3. Node2Vec

Node2vec is an algorithm to generate embeddings based in a corpus generated from several graphs. To generate the corpus, follow the instructions in chapter 2.1 until the run_joern.py script, since the model is trained using the CSV files generated by Joern.

3.1. Run Joern

Joern then needs to be executed with the script run_joern.py. Once the execution is done, the .joernIndex is moved to data/graph.db. A Neo4j DB then loads the data for further processing.

Run the tool with python ./scripts/run_joern.py ${DATASET} -v ${JOERN_VERSION}. Use --help to see which version are available.

3.2. Training the node2vec model

After run Joern and obtaining the AST and control and data flows, the corpus can be generated using the run_node2vec.py script:

python ./scripts/run_node2vec.py /path/to/dataset \
    --m node2vec \  # To use the node2vec algorithm
    --n {MODEL_NAME} \  # path to where the model will be saved
    --vl {VECTOR_LENGTH} \ Size of the vector representaion of each node in the corpus

The model have several parameters which can be tuned for training. See –help for details. The most important parameter to choose is the vector length of the node representation: this parameter needs to be the same when generating the embeddings and train the BLSTM. The values used during testing were 64 and 128.

3.3. Generate the embeddings for the BLSTM model

After the model training is complete, it’s necessary to generate embeddings which will be used as input for the BLSTM model. These embeddings are saved in a folder with the dataset, in .CSV format. Execute the following script:

python ./scripts/run_embeddings.py /path/to/dataset \
   -m node2vec \ # Specify usage of node2vec generated embeddings
   -n {MODEL_DIR} \ # Previous trained word2vec/node2vec model
   -el {EMBEDDINGS_LENGTH} \ # Size of the embeddings to be generated
   -vl {VECTOR_LENGTH} # Size of the vector which represents the node

It’s important that the vector length of the generated embeddings is the same as the one used in the model training.
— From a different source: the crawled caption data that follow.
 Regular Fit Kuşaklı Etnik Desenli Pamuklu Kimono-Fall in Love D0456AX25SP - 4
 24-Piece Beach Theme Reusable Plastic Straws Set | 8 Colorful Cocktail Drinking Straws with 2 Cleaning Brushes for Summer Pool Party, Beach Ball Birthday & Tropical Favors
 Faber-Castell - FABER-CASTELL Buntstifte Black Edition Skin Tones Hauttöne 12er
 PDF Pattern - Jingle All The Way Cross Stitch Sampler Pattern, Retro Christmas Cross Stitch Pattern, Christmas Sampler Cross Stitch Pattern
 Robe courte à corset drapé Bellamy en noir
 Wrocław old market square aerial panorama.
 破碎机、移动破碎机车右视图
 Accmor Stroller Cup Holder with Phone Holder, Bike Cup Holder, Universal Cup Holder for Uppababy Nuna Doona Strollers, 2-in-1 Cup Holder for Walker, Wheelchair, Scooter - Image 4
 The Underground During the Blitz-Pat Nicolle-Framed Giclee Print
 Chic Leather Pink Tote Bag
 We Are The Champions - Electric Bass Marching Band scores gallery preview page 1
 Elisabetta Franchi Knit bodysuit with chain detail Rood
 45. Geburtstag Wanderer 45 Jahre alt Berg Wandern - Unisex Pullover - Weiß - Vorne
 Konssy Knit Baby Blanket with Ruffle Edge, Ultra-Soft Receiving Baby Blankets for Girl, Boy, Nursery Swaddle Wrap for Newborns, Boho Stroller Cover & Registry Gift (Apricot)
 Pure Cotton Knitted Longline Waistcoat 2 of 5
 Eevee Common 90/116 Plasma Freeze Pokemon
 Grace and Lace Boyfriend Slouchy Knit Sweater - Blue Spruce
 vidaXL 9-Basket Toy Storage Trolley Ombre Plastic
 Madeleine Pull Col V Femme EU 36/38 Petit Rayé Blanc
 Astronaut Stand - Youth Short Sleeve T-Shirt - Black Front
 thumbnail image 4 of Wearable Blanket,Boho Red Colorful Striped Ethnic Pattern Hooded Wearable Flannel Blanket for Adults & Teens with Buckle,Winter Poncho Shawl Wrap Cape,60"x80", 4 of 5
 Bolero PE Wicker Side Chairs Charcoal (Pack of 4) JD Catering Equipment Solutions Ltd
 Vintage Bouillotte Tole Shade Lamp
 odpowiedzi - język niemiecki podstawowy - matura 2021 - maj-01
3.4. Train the BLSTM model with the node2vec embeddings

After generating the embeddings, the BLSTM model is ready to use. Execute the following script:

python ./scripts/run_model_training.py /path/to/dataset \
    -m bidirectional_lstm \  # BLSTM
    -n {MODEL_NAME} \ # path where the model will be saved
    -e {EPOCHS} \ # number of epochs
    -b {BATCH_SIZE} # Size of the batch used for training
   -el {EMBEDDINGS_LENGTH} \ # Size of the embeddings to be generated
   -vl {VECTOR_LENGTH} # Size of the vector which represents the node

The embeddings/vector length values needs to be the same as the one used in the embeddings creation process.